GGPYTORCH000 · April 15, 2024, 9:49pm

i wrote small class Linear which is similar to nn.Linear interms of initialization and forwarding. It worked however when I switched my code from nn.Linear to my own Linear, forward compute is not giving correct result.
I thought fwd of linear is just simple matmul between X and Weight + bias
def forward (X:torch.tensor):
out = torch.matmul(self.weight, X)
#out = torch.matmul(X, self.weight)
out += self.bias
return out

To give more intext when following X and W values are supplied to Linear (my own) class result is
tensor([[0.3684, 1.2859]]), which I checkeked manually

X=torch.tensor([[-0.9708, 0.9610]])
W=torch.tensor([[ 0.6627, -0.4245],
… [ 0.5373, 0.2294]])
b=torch.tensor([0.4954, 0.6533] )
torch.matmul(X, W) + b
tensor([[0.3684, 1.2859]])

But with nn.linear class, it is returning
tensor([[-0.3565, -0.2904]],

Now if the W is 0, then results of both are correct meaning, bias part is working (wondeful) it is just matmul part that is something wrong.
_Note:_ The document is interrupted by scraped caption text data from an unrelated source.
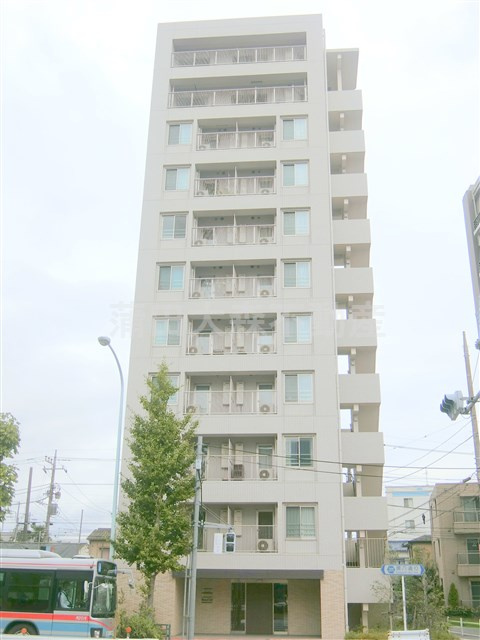 BlancCiel南蒲田の外観|2019年2月築　RC鉄筋コンクリート造地上11階建て総戸数38戸
東京都大田区南蒲田1丁目　京急空港線糀谷駅徒歩5分、京急蒲田駅徒歩8分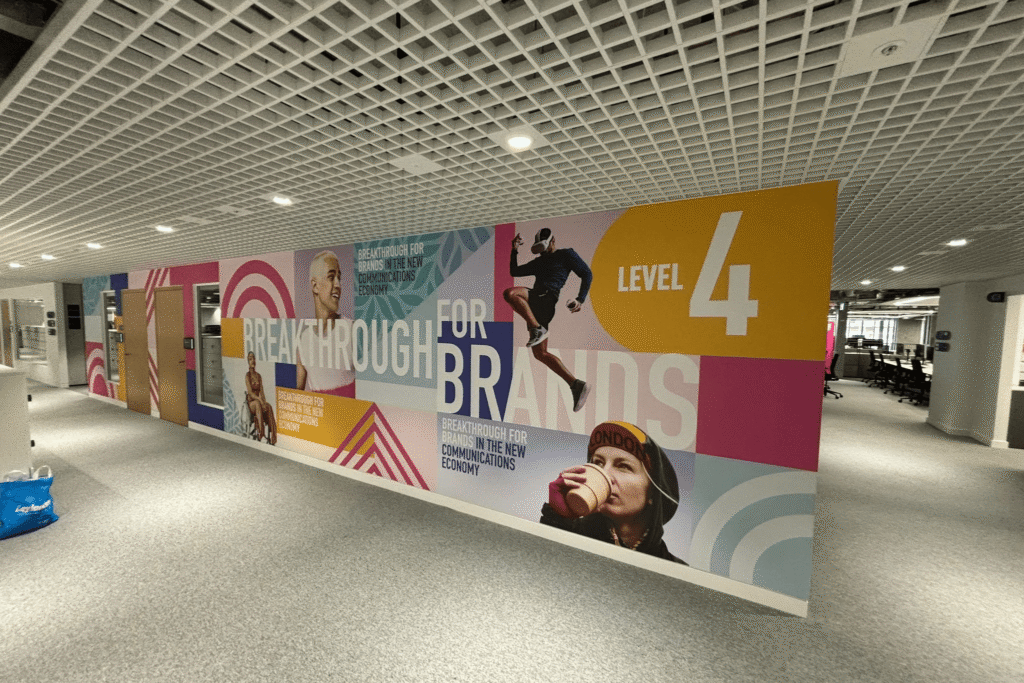 indoor branding graphics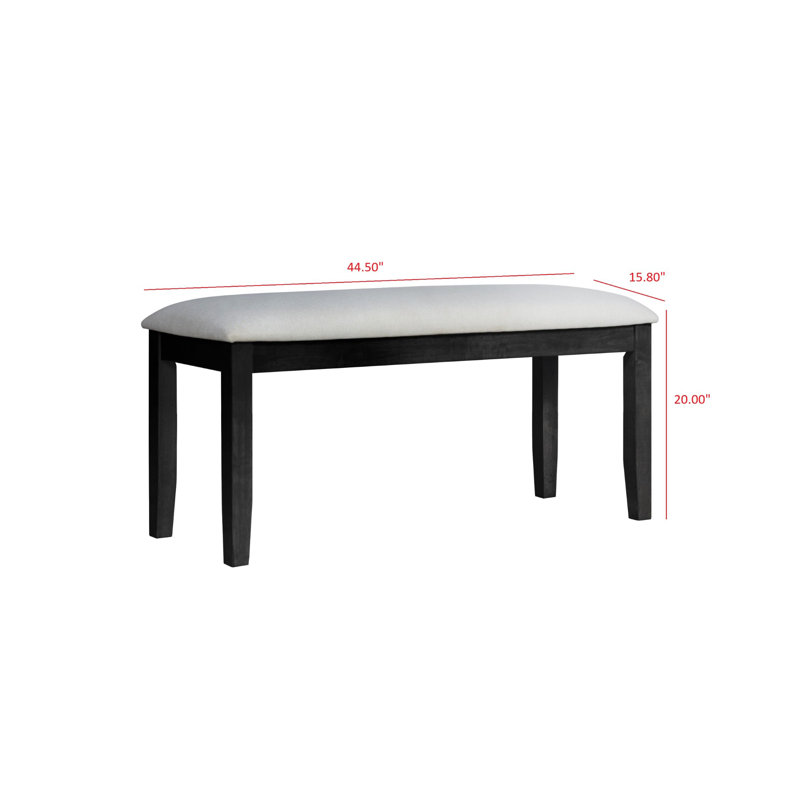 Alpharetta 6-Piece Dining Set, Gray/Black, Black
ptrblck · April 16, 2024, 12:12am

Your matmul is wrong as you need to pass the transposed weight to it:

batch_size = 2
in_features = 3
out_features = 4

x = torch.randn(batch_size, in_features)
lin = nn.Linear(in_features, out_features)
print(lin.weight.shape)
# torch.Size([4, 3]) # [out_features, in_features]
print(lin.bias.shape)
# torch.Size([4]) # [out_features]

ref = lin(x)

w = lin.weight
b = lin.bias

out = torch.matmul(x, w.T) + b
print(out - ref)
# tensor([[0., 0., 0., 0.],
#         [0., 0., 0., 0.]], grad_fn=<SubBackward0>)

GGPYTORCH000 · April 16, 2024, 1:51am

thx!! i am able to move fwd now. (salute)